- _WHAT TO DO_: Nothing but the lines below from the one containing "4 bed, 2.5 bath, 2818 sqft, $3,850 — Photo 1" through the one containing "Building Photo - 502 Tidal Wave Ln" should appear in the answer, exact and without pictures.

- _TASK MATERIAL_:
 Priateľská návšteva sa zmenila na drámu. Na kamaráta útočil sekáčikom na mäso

--

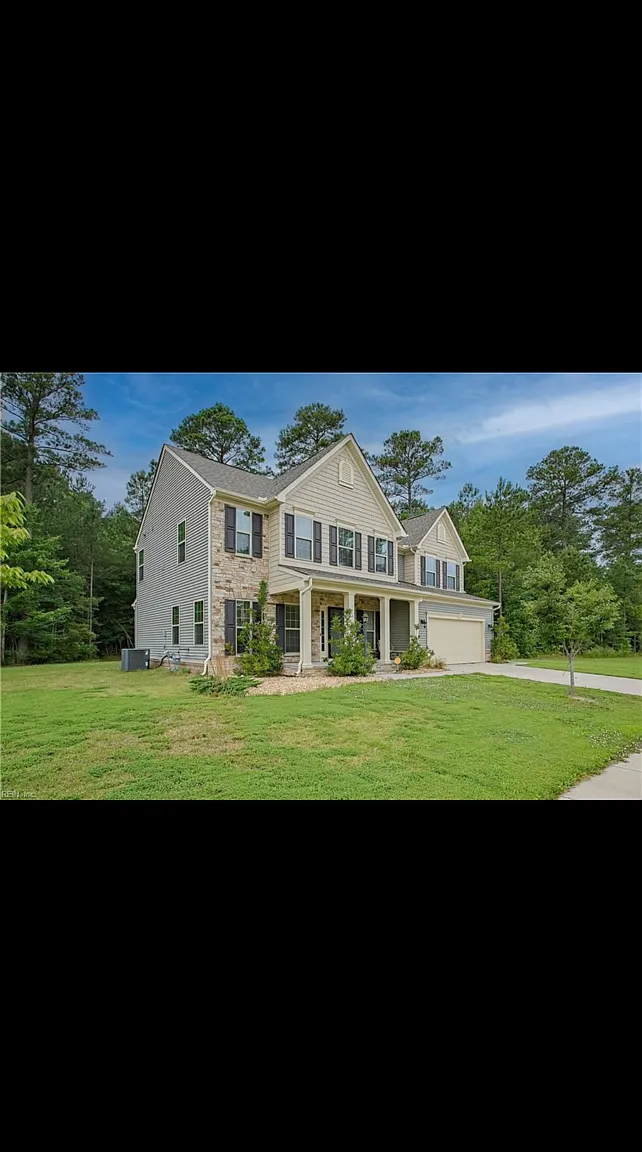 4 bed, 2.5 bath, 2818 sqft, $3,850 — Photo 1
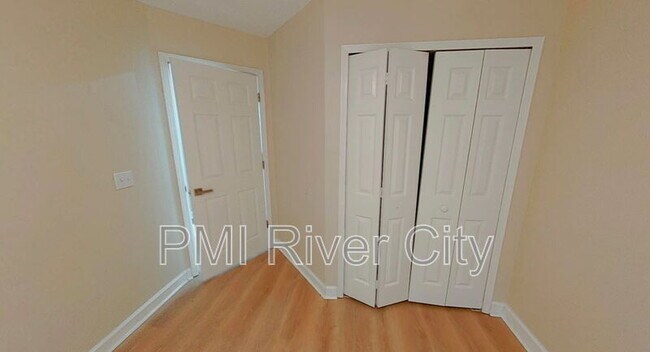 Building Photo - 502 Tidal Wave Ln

- _RESULT FOR THIS EXERCISE_:
 4 bed, 2.5 bath, 2818 sqft, $3,850 — Photo 1
 Building Photo - 502 Tidal Wave Ln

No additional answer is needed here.